_Exercise_
Go to the line below containing "Hi everyone, welcome" and print exactly from there through the line containing "In the last", both included. Print nothing else.

*** Opening of Input records ***

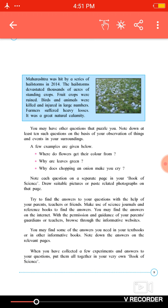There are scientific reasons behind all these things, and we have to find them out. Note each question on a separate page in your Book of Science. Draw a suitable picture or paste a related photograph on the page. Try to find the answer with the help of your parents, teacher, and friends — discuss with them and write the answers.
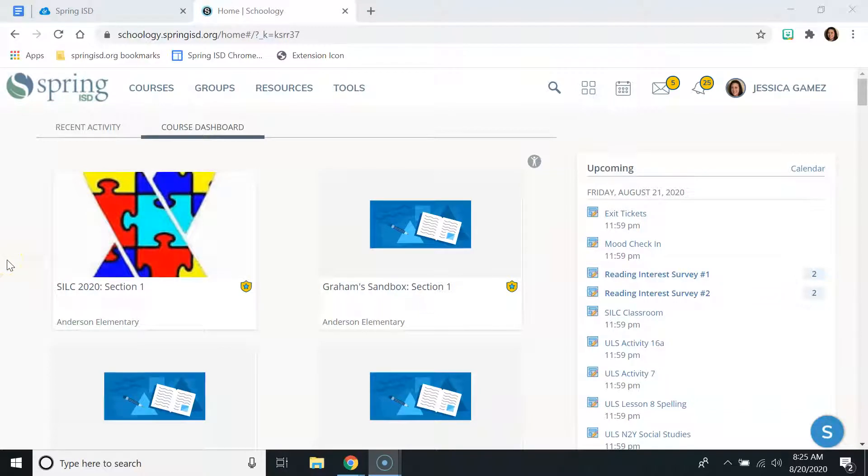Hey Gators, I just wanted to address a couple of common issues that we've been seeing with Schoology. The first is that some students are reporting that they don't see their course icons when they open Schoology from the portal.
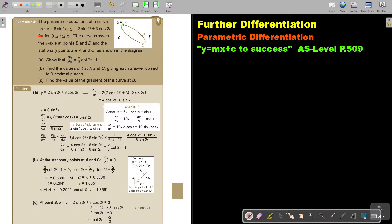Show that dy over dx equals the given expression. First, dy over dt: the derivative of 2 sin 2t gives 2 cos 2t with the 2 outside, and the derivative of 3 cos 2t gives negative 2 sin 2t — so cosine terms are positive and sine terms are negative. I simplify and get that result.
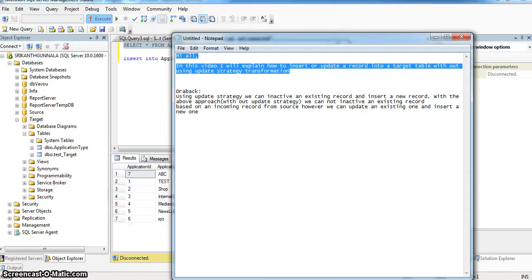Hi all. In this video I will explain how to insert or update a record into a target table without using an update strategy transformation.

*** Close of Input records ***
*** Opening of Input records ***

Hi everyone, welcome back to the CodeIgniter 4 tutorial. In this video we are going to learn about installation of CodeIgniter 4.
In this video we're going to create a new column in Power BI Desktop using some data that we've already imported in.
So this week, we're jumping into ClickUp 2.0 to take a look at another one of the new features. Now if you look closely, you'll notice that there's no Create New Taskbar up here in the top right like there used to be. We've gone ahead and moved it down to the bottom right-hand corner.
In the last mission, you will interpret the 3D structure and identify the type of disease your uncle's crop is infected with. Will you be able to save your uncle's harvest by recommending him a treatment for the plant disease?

*** Close of Input records ***

_Written answer_
Hi everyone, welcome back to the CodeIgniter 4 tutorial. In this video we are going to learn about installation of CodeIgniter 4.
In this video we're going to create a new column in Power BI Desktop using some data that we've already imported in.
So this week, we're jumping into ClickUp 2.0 to take a look at another one of the new features. Now if you look closely, you'll notice that there's no Create New Taskbar up here in the top right like there used to be. We've gone ahead and moved it down to the bottom right-hand corner.
In the last mission, you will interpret the 3D structure and identify the type of disease your uncle's crop is infected with. Will you be able to save your uncle's harvest by recommending him a treatment for the plant disease?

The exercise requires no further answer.